● Task instructions
Output only the lines of the entries that follow, starting at the one with "Alt view image" and running down to the one with "Vector business woman presenting and showing OK Vector", both included and unchanged.

● Information given
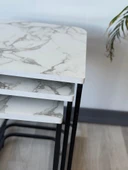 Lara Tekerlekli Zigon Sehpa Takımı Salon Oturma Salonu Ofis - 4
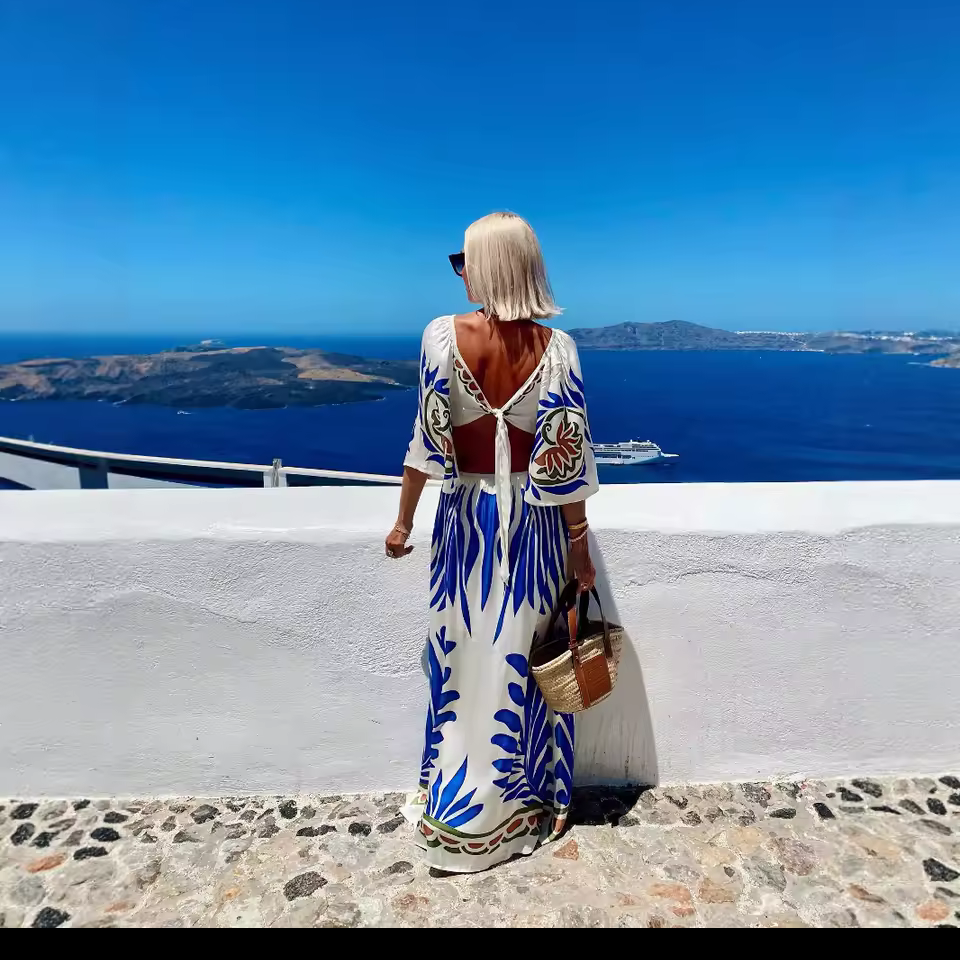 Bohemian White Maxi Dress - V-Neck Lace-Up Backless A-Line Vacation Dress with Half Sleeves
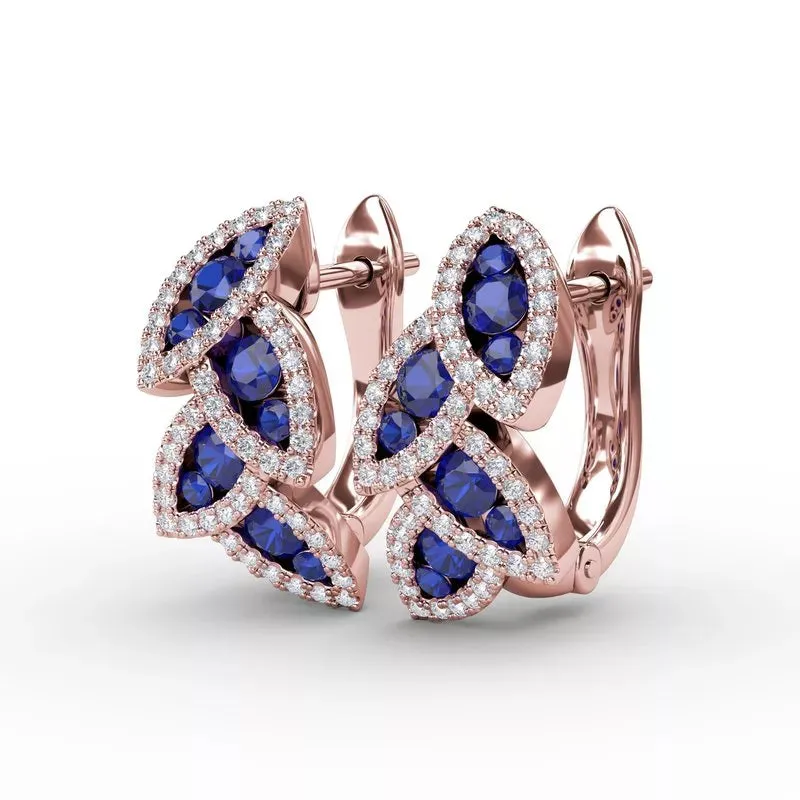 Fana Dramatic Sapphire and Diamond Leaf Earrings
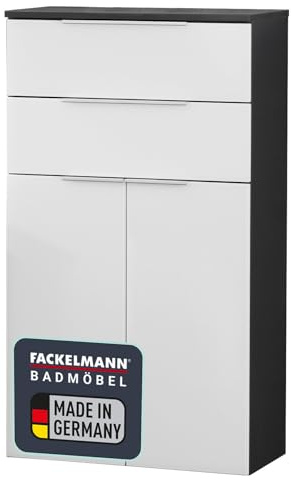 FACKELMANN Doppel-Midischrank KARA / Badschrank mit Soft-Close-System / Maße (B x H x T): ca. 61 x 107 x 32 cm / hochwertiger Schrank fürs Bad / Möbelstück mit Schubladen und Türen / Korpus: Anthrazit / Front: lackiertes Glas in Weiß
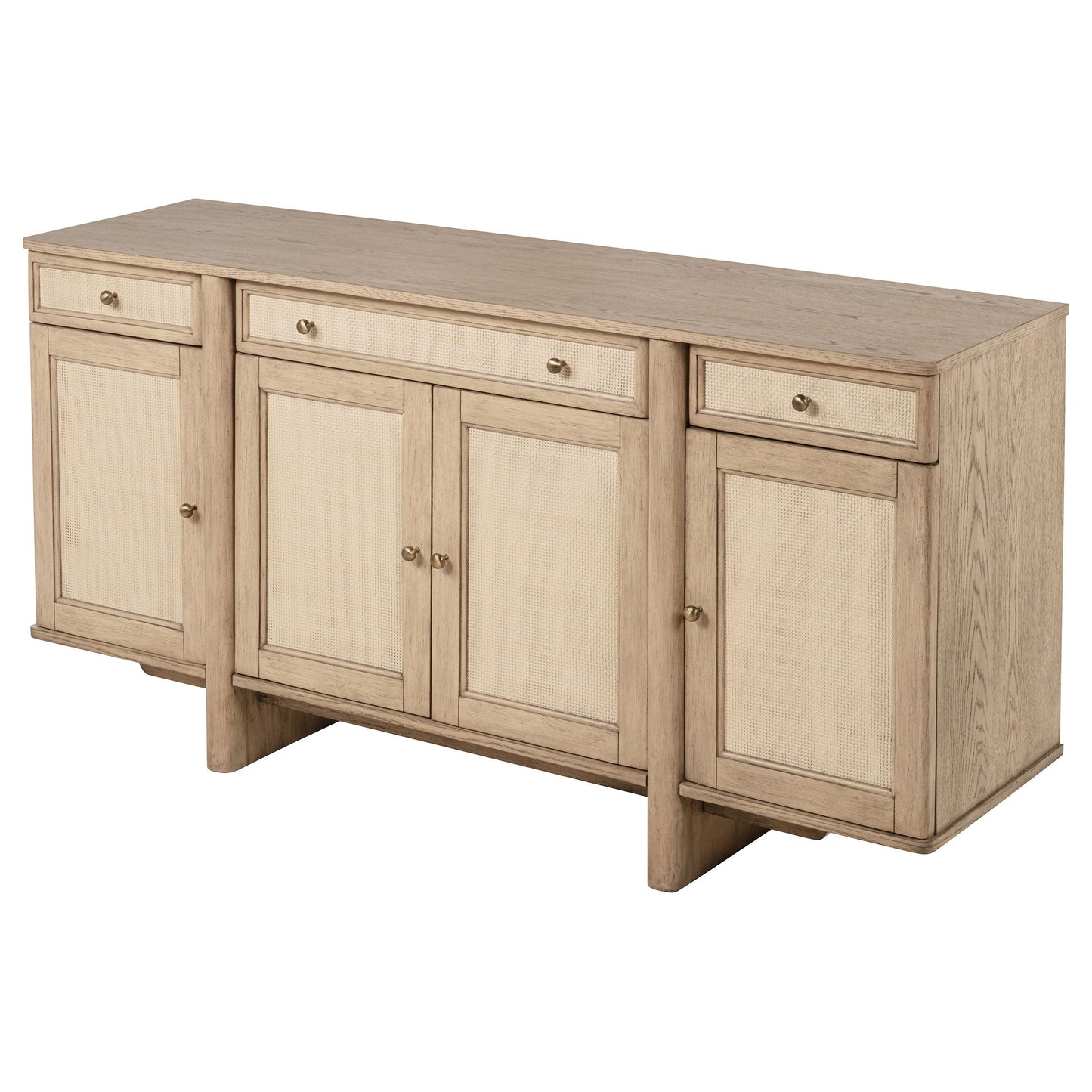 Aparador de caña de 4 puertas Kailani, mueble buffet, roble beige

==

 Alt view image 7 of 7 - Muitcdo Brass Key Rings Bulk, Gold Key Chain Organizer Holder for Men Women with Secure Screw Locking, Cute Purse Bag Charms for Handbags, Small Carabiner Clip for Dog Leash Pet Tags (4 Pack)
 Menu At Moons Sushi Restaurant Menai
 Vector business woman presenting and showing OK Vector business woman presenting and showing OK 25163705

● Solution to the problem
 Alt view image 7 of 7 - Muitcdo Brass Key Rings Bulk, Gold Key Chain Organizer Holder for Men Women with Secure Screw Locking, Cute Purse Bag Charms for Handbags, Small Carabiner Clip for Dog Leash Pet Tags (4 Pack)
 Menu At Moons Sushi Restaurant Menai
 Vector business woman presenting and showing OK Vector business woman presenting and showing OK 25163705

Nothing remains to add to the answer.